Reconnaissant franchement ce qui est, hélas, exact en Chine, à savoir que nombre de soldats, une fois licenciés, deviennent des brigands, il disait sans ambages : "L'armée est une école de bandits." Mais, ne voulant pas que ce fût vrai de la sienne, il résolut de faire de ses soldats de bons citoyens, qu'ils fussent licenciés ou non. Au cours de ses trois premières années de service, tout soldat doit apprendre, outre ses devoirs militaires, à lire et à écrire. Ensuite, sous-officiers et soldats doivent faire l'apprentissage d'un métier qui puisse leur être utile après leur licenciement. L'armée de Feng est sans doute la seule au monde avec des bataillons de tailleurs, de cordonniers, de tisserands, de charpentiers et de tapissiers. Chaque bataillon doit avoir son métier. On a pu voir fréquemment un sous-officier assis au métier à tisser au milieu de ses hommes occupés à faire du drap. Et le général donne l'exemple en toutes choses : il consacre chaque jour un certain temps à l'étude, et travaille pendant une heure dans un des ateliers. Une bonne partie des objets fabriqués ainsi trouvent leur emploi dans l'armée ; les autres se vendent, en partie au bénéfice des artisans eux-mêmes. Il en résulte que les soldats de Feng ont l'air heureux, et prennent un vif intérêt à leur ouvrage. La discipline ne se relâche nullement pendant ces travaux ; les armes sont en faisceaux dehors, et les hommes sont prêts à reprendre d'un instant à l'autre leur place dans le rang.

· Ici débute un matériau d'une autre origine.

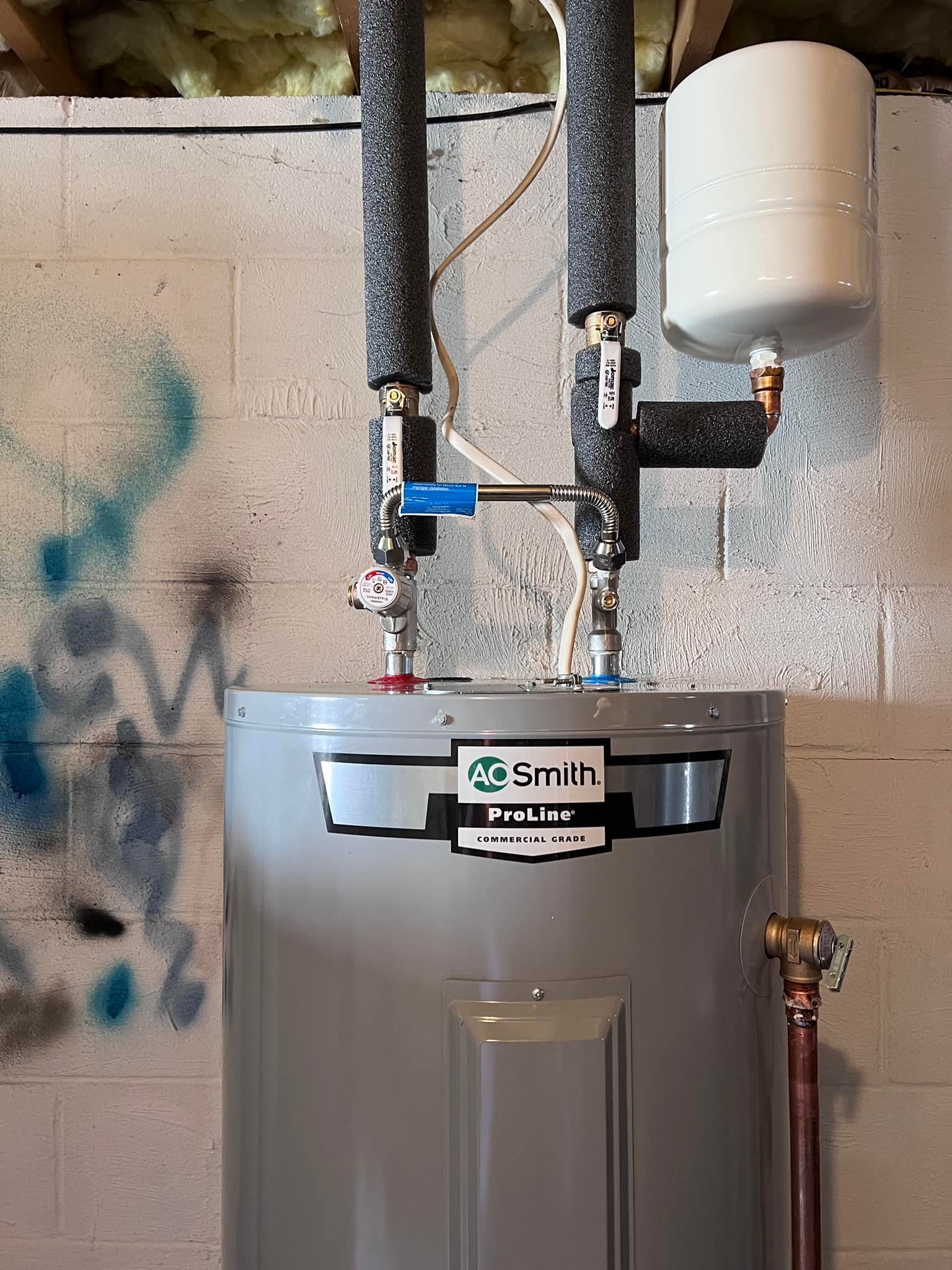 A water heater with pipes and an expansion tank in a basement setting.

Le Dr. J. Goforth, un missionnaire qui a souvent passé de bons moments avec le général, raconte en ces termes une visite à Tchang-té :
"Il nous conduisit dans ses ateliers, où nous vîmes des vingtaines de machines à tricoter, qui fournissent toutes les chaussettes de l'armée ! Des douzaines de machines à coudre confectionnaient des uniformes ; des métiers à tisser fabriquaient des linges de toilette, etc., sans parler des presses des relieurs, de la fabrication des chaises de rotin etc. Les soldats ainsi occupés avaient tous environ quarante ans.

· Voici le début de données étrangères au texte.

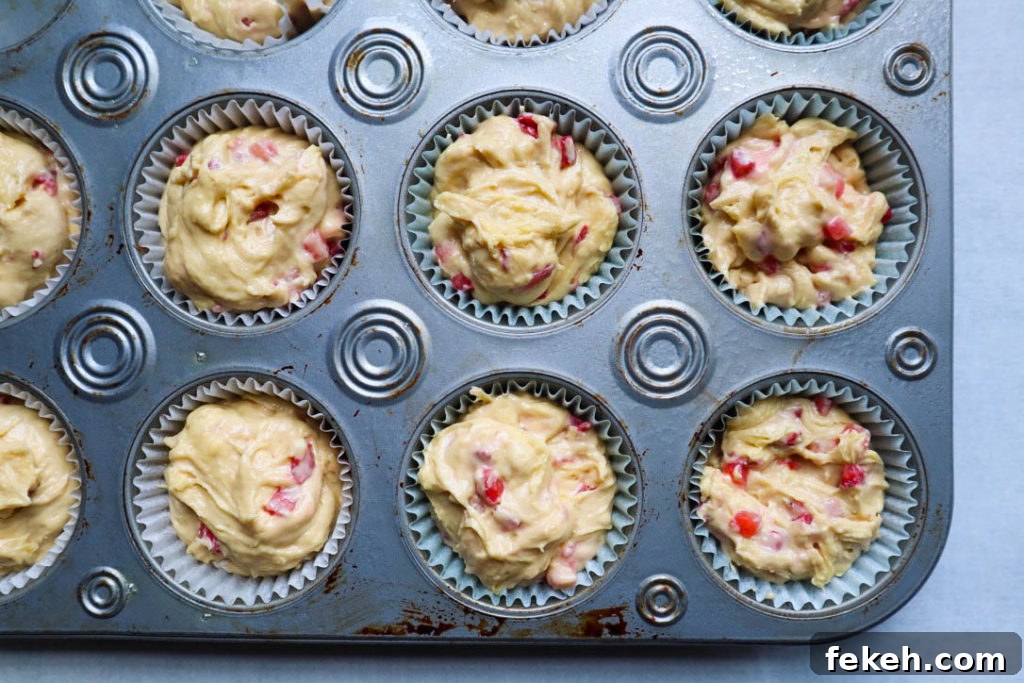 Strawberry Coconut Muffins with Crunchy Streusel Topping 5 Batter in muffin tin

"Nous nous rendîmes aussi avec le général aux casernes. Ce qui nous étonna, ce fut de trouver en Chine un endroit exempt d'odeurs désagréables et de saleté : tous les lits propres, chacun muni de sa moustiquaire ; fusils, baïonnettes, courroies, boucles de ceinturon, tout était reluisant. C'était beau de voir les Bibles et les recueils de cantiques empilés partout avec soin, ainsi que les manuels militaires. Quant aux exercices corporels, nous pûmes en constater les résultats. Des officiers en costume de sport furent appelés afin de nous faire voir ce qu'ils savaient faire ; parmi eux, le colonel Li. Leurs exploits sur les barres parallèles et autres engins, ainsi que la course avec obstacles, furent remarquables. Le général attira mon attention sur les boucles qui ornaient les ceintures de sport des officiers : c'étaient autant de prix gagnés à des concours de marche. "Il y en a un," me dit-il, "qui a fait faire à sa compagnie quarante milles (64 kilomètres) en sept heures, et les hommes étaient chargés de tout leur fourniment."

Le général fait de ses hommes ce qu'il veut. Ils donneraient leur vie pour lui. Il les appelle ses "garçons", et il est vraiment comme un père pour eux. Un petit détail nous révéla son secret. Nous débarquâmes un jour avec lui à Taoyouan, à trente milles en amont, où 3000 hommes faisaient face à l'armée du sud. Lorsque nous passâmes par un chemin étroitement surveillé, des soldats en faction restèrent là comme des statues, l'arme au pied, baïonnette au canon, tout à leur affaire, vu l'imminence du danger. En passant près d'eux, le général leur toucha à chacun gentiment le bras."